"Salvámos quem pudemos": Membro da tripulação de iate de luxo que naufragou na Sicília quebra o silêncio sobre tragédia
A bordo seguiam 22 pessoas: sete morreram e 15 foram resgatadas no dia do acidente.
Um dos sobreviventes do iate de luxo que naufragou na Sicília, em Itália, no dia 19 de agosto, disse que a tripulação "salvou quem pôde" quando o barco afundou num desastre que matou sete pessoas. A bordo seguiam 22 pessoas: sete morreram e 15 foram resgatadas no dia do acidente.As vítimas mortais são o milionário Mike Lynch e a filha Hannah Lynch, Jonathan Bloomer, diretor internacional do banco Morgan Stanley, a mulher, Judy, o advogado Chris Morvillo e a mulher, a designer de joias Neda Morvillo, e Recaldo Thomas, o cozinheiro do iate.
Matthew Griffiths era uma das 22 pessoas a bordo do Bayesian quando este foi devastado por uma tromba de água a poucas centenas de metros do porto de Porticello.

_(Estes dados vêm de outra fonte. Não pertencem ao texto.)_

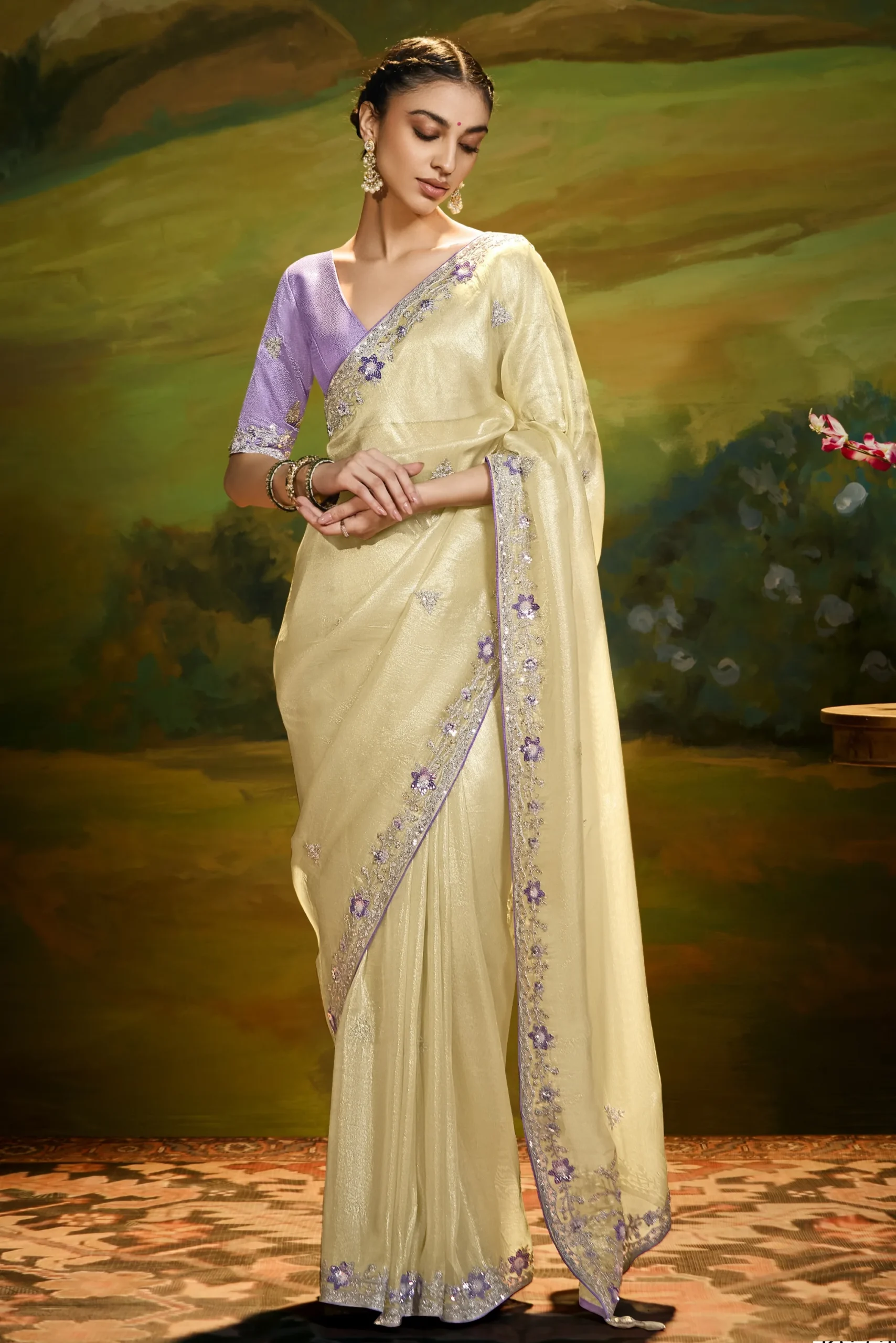 Ivory Embroidered Fancy Saree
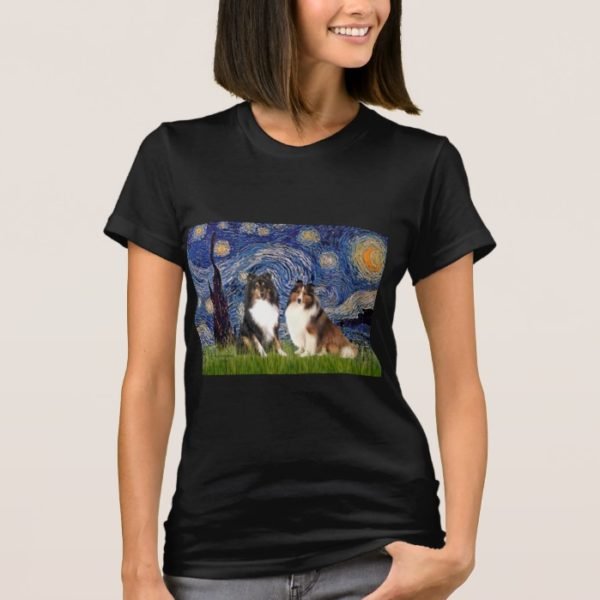 Shetland Sheepdog Pair - Starry Night T-Shirt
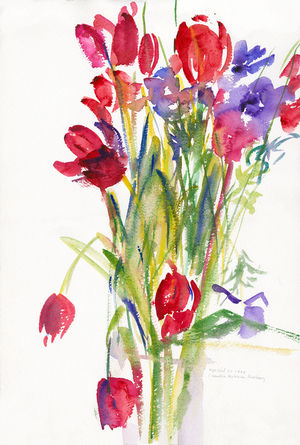 Tulips, 1999 (watercolour on paper)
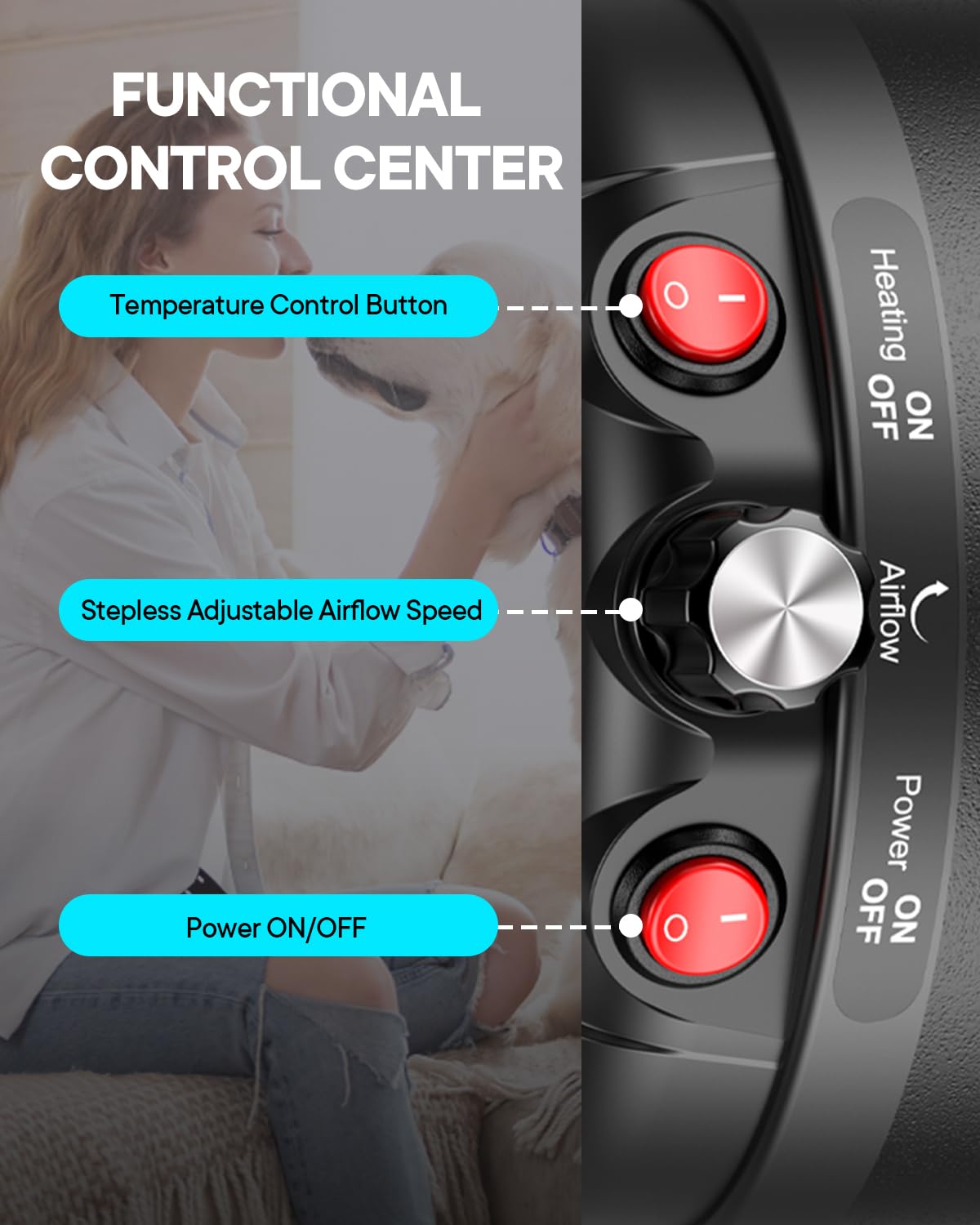 EGFKI Dog Dryer 5.2HP High Velocity Hair Blower with 4 Nozzles, Adjustable Speed & Temperature, Dark Black Pet Grooming Tool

O jovem de 22 anos, que estava de plantão na noite da tragédia, disse aos investigadores que os tripulantes fizeram tudo o que podiam para salvar as pessoas a bordo do iate, de acordo com comentários relatados pela agência de notícias italiana Ansa citada pelo Daily Mail.
Griffiths, o capitão do barco James Cutfield e o engenheiro de navios Tim Parker Eaton foram colocados sob investigação pelas autoridades italianas por suspeita de homicídio involuntário múltiplo.
"Acordei o capitão quando o vento estava a 20 nós (23 mph). Ele deu ordens para acordar todos os outros", afirmou.
"O navio inclinou e fomos lançados para a água. Conseguimo-nos levantar e tentamos resgatar aqueles que podíamos", acrescentou, descrevendo os acontecimentos da noite fatídica, quando o Bayesian estava ancorado no porto siciliano.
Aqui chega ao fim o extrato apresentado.